WHAT YOU SHOULD DO: Images are to be left out; everything else in the records gets copied exactly.

DATA FOR PROCESSING:
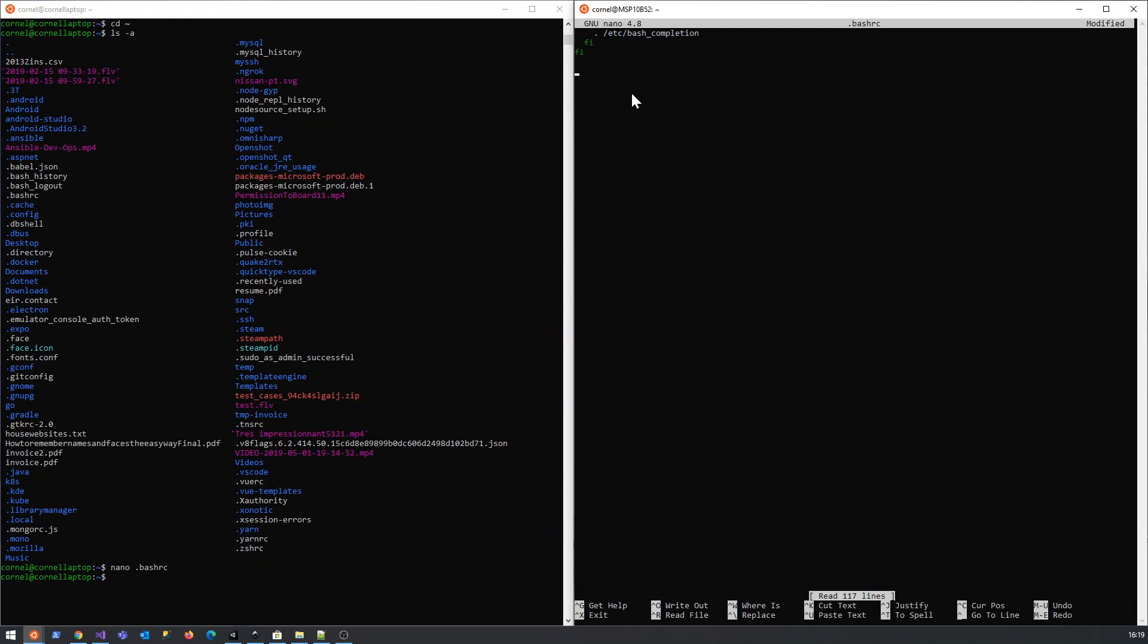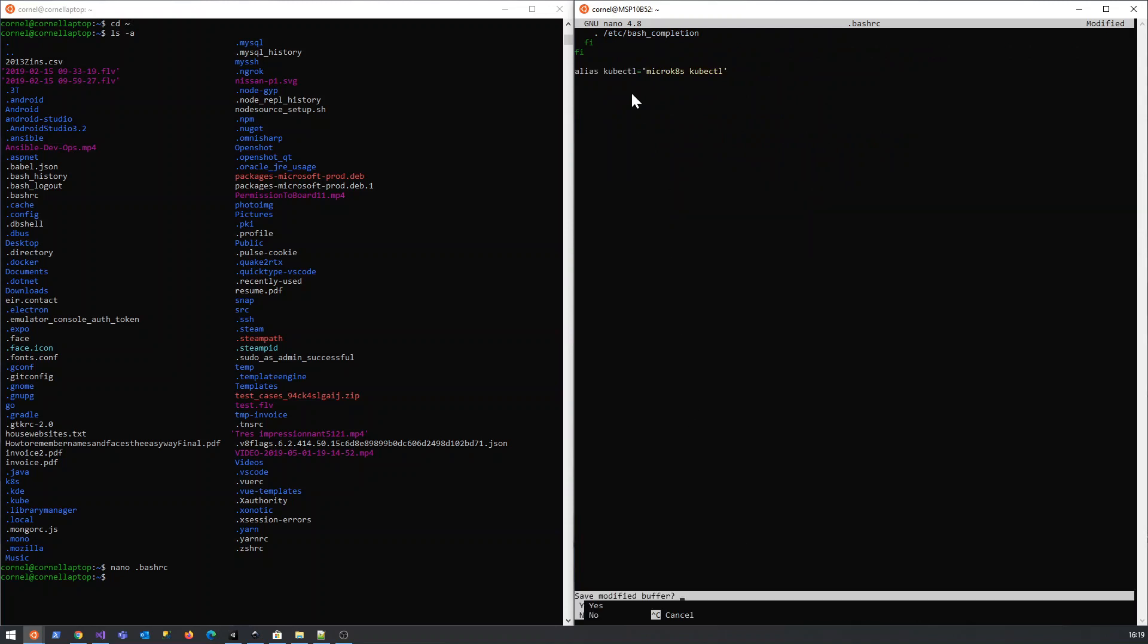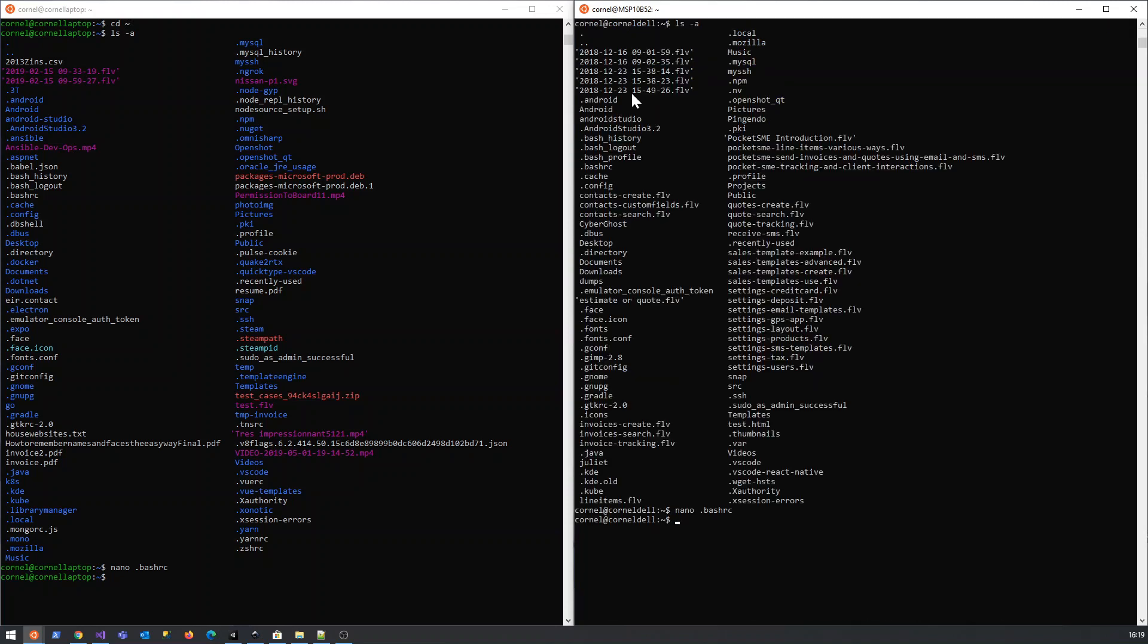And I think we'll just save that. Okay, and now if we log in and log out, that's a great... another...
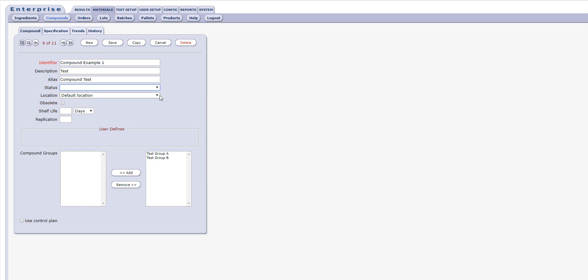The user may also mark a compound obsolete, assign a shelf life value in days or weeks via a drop-down, and mark the compound with a value in the replication field. You may also add or remove compound groups and mark whether the compound is subject to a control plan.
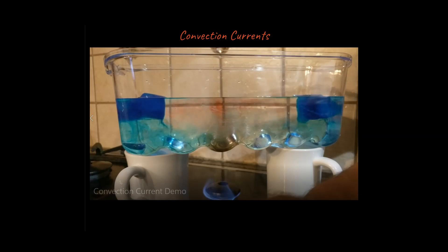Hey, welcome. Today we're going to be talking about one of the most important ideas in all of geology and oceanography, the study of oceans as well. This concept is called a convection current. I'm going to show you what convection currents look like, but first I need to go over a little bit of review. This lesson is appropriate for physical science classes or geology classes or similar classes.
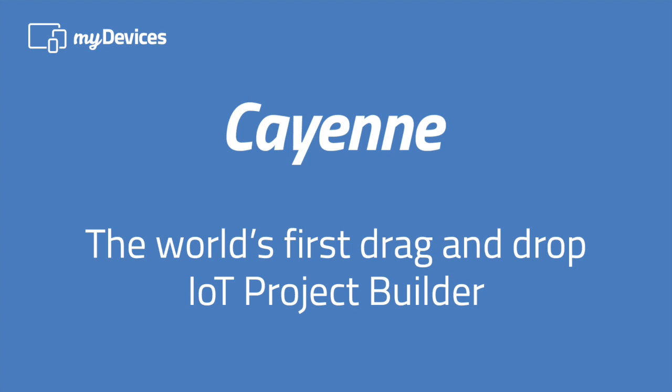Introducing my device's Cayenne, the world's first drag-and-drop IoT project builder. Here we're going to show you how it works.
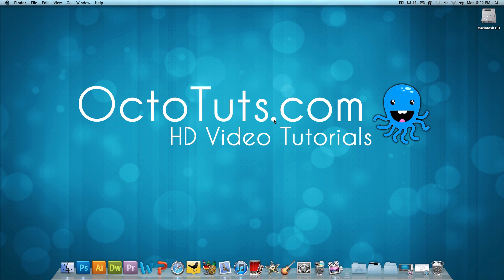Hello and welcome to another video tutorial brought to you by OctoTuts.com. The reason I'm making this video today is because of a user question from our Facebook page.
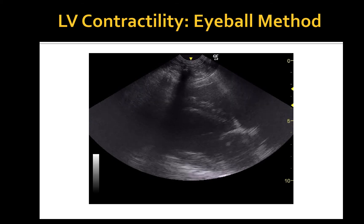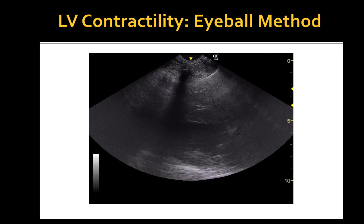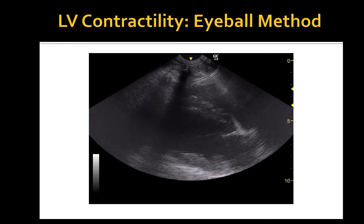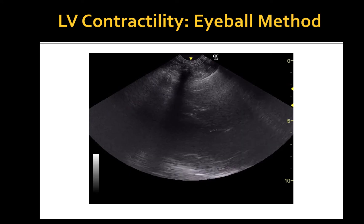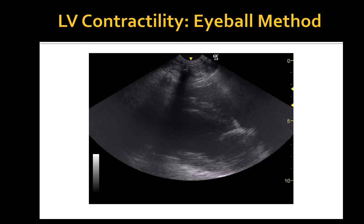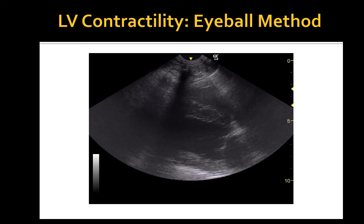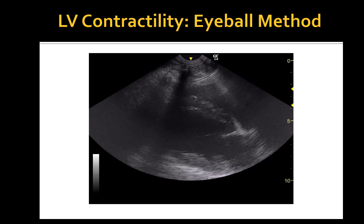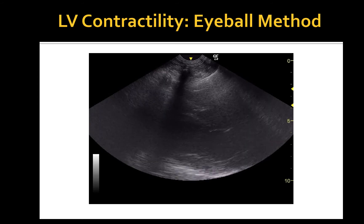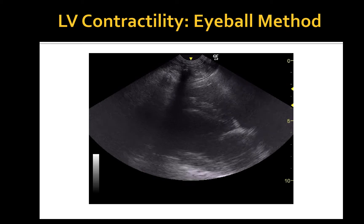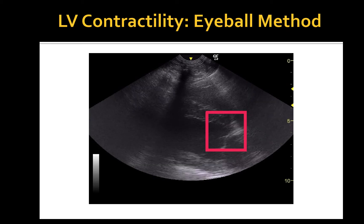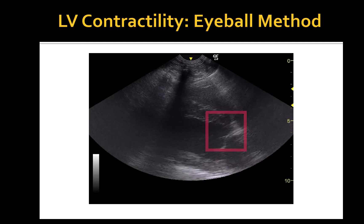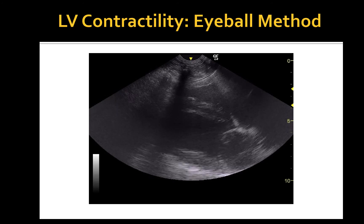This cine loop was recorded by our ICU point-of-care ultrasound machine. This is a standard right parasternal long axis view obtained from a standing dog. If you look at this heart, the LV has a pretty good endocardial excursion. The interventricular septum and the free LV wall get thicker during contraction. And finally, the anterior mitral leaflet is almost touching the interventricular septum at the end of diastole. Based on this eyeball assessment, we can conclude that this dog's LV function is normal.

EXERCISE ANSWER:
And I think we'll just save that. Okay, and now if we log in and log out, that's a great... another...
The user may also mark a compound obsolete, assign a shelf life value in days or weeks via a drop-down, and mark the compound with a value in the replication field. You may also add or remove compound groups and mark whether the compound is subject to a control plan.
Hey, welcome. Today we're going to be talking about one of the most important ideas in all of geology and oceanography, the study of oceans as well. This concept is called a convection current. I'm going to show you what convection currents look like, but first I need to go over a little bit of review. This lesson is appropriate for physical science classes or geology classes or similar classes.
Introducing my device's Cayenne, the world's first drag-and-drop IoT project builder. Here we're going to show you how it works.
Hello and welcome to another video tutorial brought to you by OctoTuts.com. The reason I'm making this video today is because of a user question from our Facebook page.
This cine loop was recorded by our ICU point-of-care ultrasound machine. This is a standard right parasternal long axis view obtained from a standing dog. If you look at this heart, the LV has a pretty good endocardial excursion. The interventricular septum and the free LV wall get thicker during contraction. And finally, the anterior mitral leaflet is almost touching the interventricular septum at the end of diastole. Based on this eyeball assessment, we can conclude that this dog's LV function is normal.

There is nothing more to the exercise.